Cant wait to see them finished.
I wish I had the time and patience for a project like this.


----------



## Eeeekim (Aug 14, 2009)

I like the way the ribs came out. Very cool.


----------



## cerinad (Jun 23, 2008)

Those are way cool. Nice job.


----------



## fick209 (Aug 31, 2009)

I love them! Fantastic work!


----------



## morbidmike (Sep 11, 2009)

these guys are awesome looking !!!!! nice macheing too!!! Stolloween will be proud


----------



## Haunted Bayou (Feb 16, 2007)

I am sure Stolloween will be proud of you. 
Very nice job on these.


----------



## Devils Chariot (May 23, 2007)

Nice work Dyno! Stolloween and Rot have a baby! I'm sure these will turn out awesome!


----------



## beelce (Jul 21, 2007)

NICE project...lots of hard work really pays off


----------



## Bone Dancer (Oct 7, 2005)

Nicely done. the body form is just right for these guys.


----------



## PirateLady (Jul 23, 2010)

Love these little guys


----------



## Merlin (The Quiet One) (Feb 23, 2006)

These guys are great.


----------



## JohnnyAppleseed (Apr 8, 2009)

Terrific job on the mache', love the look!


----------



## Dark Angel 27 (Sep 11, 2008)

very, very awesome! i love the look of these guys. stoll will be proud!


----------



## Howlinmadjack (Jul 20, 2009)

These guys are coming out awesome!!! Sweet work!!


----------



## Glyphen2010 (Aug 30, 2010)

So how soon can we recieve our orders of those for ourselves ? :O


----------



## dynoflyer (Oct 8, 2006)

Okay, updated photos of the weekend's progress. Ready for dry brushing, but not sure what colors? The pumpkin heads are going to be orange/brown/dark green. Should the skeleton body match the pumpkin head or be more bone white? Any suggestions? What color bones do pumpkins have anyway?


----------



## RoxyBlue (Oct 6, 2008)

I'd be inclined to carry the green into the bodies as well, as if the bones developed out of what would normally be the vine of the plant. You might want to use a couple three different shades of green to give texture and visual interest.


----------



## heresjohnny (Feb 15, 2006)

Very nice. One idea is to have it look like the plant is turning into bone, as you get closer to the ribs go with more browns, then to yellows, orche and bone as you get to the actual ribs.


----------



## RoxyBlue (Oct 6, 2008)

You know what, I like HJ's idea better than mine That type of color transition would make the piece look like the result of some demented experiment.


----------



## STOLLOWEEN (Apr 13, 2008)

Those are sweet...really love everything about them..the heads, the rib shapes, the hands...as far as paint ....I just finished a pumpkin groundbreaker...painted the whole thing with black latex, dry brushed with white primer to bring out the texture then washed the whole thing with diluted acrylic paints (orange, brown, yellow and green)....brushed on the diluted paint then sponged off the excess...essentially tinted the white highlights...some very muted, dark and subtle colors....worked well...one of my darker paint jobs. Allows you to blend colors very easily and smoothly.

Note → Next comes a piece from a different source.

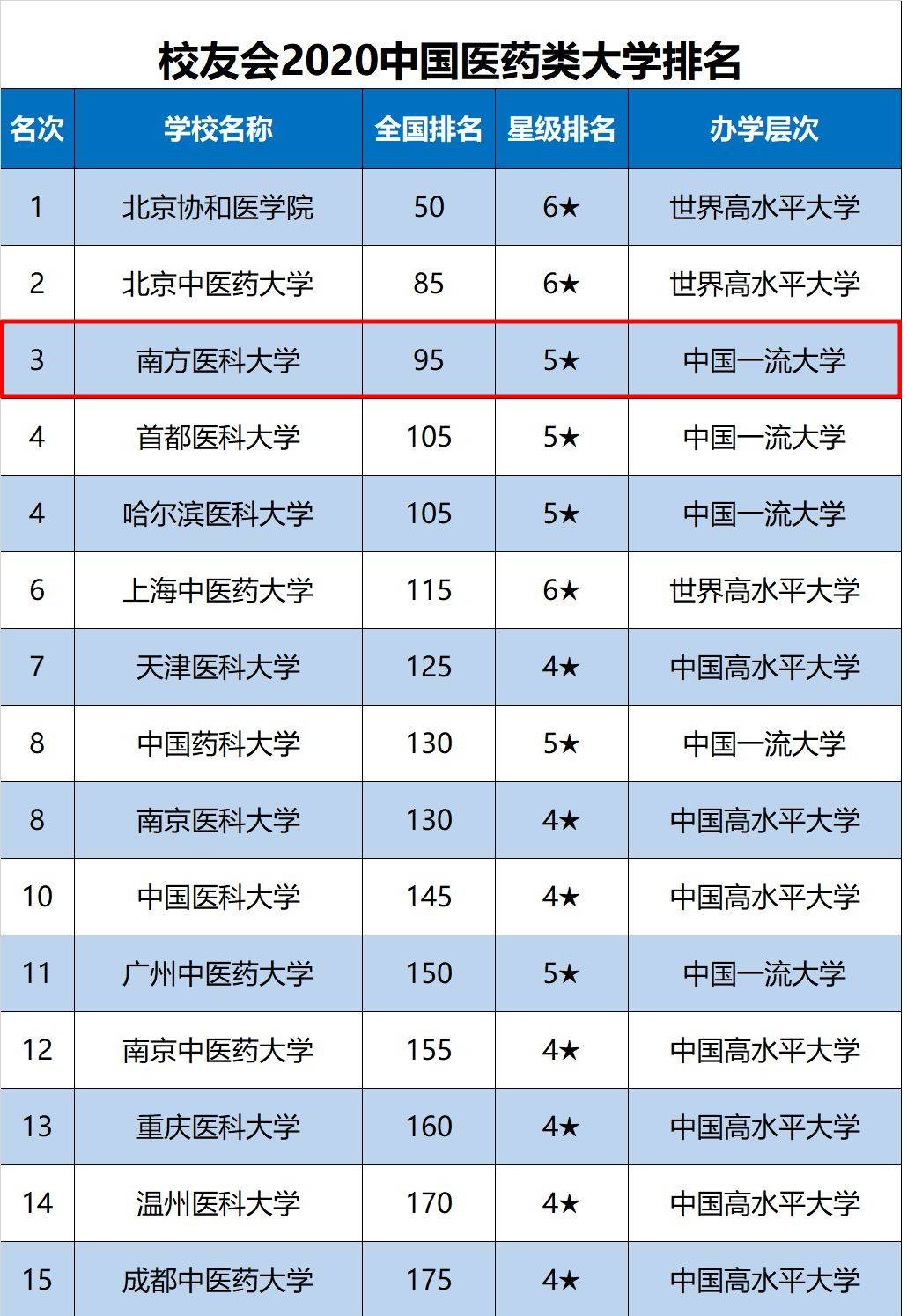 全国的医科大学排名_2021医科大学全国排名(3)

Here's the link to the tutorial if you are interested:

http://www.stolloween.com/?page_id=4466


----------



## dynoflyer (Oct 8, 2006)

Tried something new today: after dry brushing I wrapped a black trash bag around the ribs and used a heat gun to shrink it while poking a few holes here and there. Put white latex primer on the heat shrunk plastic and then applied liberal amounts of latex color. Only thinned the latex paints with a little bit of water so it went on thick and got good saturated color.


----------